Response times are shown in Fig. 5 and Fig. 6. Since response times tend to be influenced by many factors, study researchers should discuss these and offer explanations or interpretations. In our first survey, it took a reminder to motivate half of the panellists to respond. We saw clear effects of sending out reminders: in the last rounds, we sent individualized reminders spread over a short period of time. This was done for logistical reasons so as to be able to contact panellists individually.

The duration of the first round in Part 2 proved to be longer than the duration of other rounds. The time needed to complete this survey was by far the longest, and therefore the research team felt that panellists should be allowed more time to submit their responses. The team did not, however, realize at that moment that response times were mostly influenced by delays in opening the survey rather than by the time that was needed to complete it. The third round was short, most likely due to the fact that by then consensus had been reached for most items. Furthermore, panellists might have had more time because the period concerned was a holiday period and reminders were sent out at an early stage. The longer duration of Round 4 was no surprise: with continuing rounds, panellists generally experience response exhaustions occurs in panellists [11], especially with busy experts and hard-pressed clinicians [10].

Conclusions

In conclusion, this article described the methodological considerations and relevant practical aspects of our Delphi study that resulted in a 100% response rate. This exemplifies the value of a systematic approach to design choices. Based on our experience, we advise those considering a Delphi study with the aim to reach consensus on a certain topic to do the following. Adopt the CREDES guideline. Consider a two-part design, including a first part to establish a common language and to familiarize both the panellists and the research team with the online tool that is used.

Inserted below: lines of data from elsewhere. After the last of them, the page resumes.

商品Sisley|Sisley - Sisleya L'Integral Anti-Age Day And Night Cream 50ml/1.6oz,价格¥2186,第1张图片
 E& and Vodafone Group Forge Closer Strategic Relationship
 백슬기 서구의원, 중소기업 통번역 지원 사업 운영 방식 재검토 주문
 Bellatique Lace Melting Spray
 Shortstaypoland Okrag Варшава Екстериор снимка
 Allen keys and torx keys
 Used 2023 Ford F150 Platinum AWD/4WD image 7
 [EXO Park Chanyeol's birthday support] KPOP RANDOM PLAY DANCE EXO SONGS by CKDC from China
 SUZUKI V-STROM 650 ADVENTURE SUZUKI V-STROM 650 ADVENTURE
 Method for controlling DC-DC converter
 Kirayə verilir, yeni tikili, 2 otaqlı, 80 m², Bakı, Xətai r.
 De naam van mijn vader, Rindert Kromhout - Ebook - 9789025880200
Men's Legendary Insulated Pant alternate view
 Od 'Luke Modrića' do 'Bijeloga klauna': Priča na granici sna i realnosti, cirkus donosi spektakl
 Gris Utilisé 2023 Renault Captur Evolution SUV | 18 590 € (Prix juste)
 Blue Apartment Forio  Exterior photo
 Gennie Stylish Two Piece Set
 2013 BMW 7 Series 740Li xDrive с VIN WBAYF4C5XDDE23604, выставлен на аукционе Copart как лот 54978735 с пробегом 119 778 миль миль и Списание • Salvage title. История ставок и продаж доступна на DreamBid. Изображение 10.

Invest in ensuring personal commitment from the panellists during the recruitment phase. Set clear decision rules to enhance consistency during the process and to keep the process comprehensible for the panellists. Exclude items that have reached consensus from the next rounds, but use a confirmation round in which panellist are given the option to reintroduce such items into the discussion. Design the e-Delhi in a clear and consistent lay-out throughout the full study. Expect items that result in a negative advice to require more rounds before consensus is reached. Finally, send out reminders at an early stage. Our data suggest that delays in survey responses are usually due to participants not opening a survey rather than participants taking a long time to complete it. A rigorous plan for reminders will enhance both high response rates as well as a timely completion of surveys. Adopting this overall approach may assist researchers in the future execution of Delphi studies and may help them to enhance the quality of Delphi designs in terms of improved rigor and higher response rates.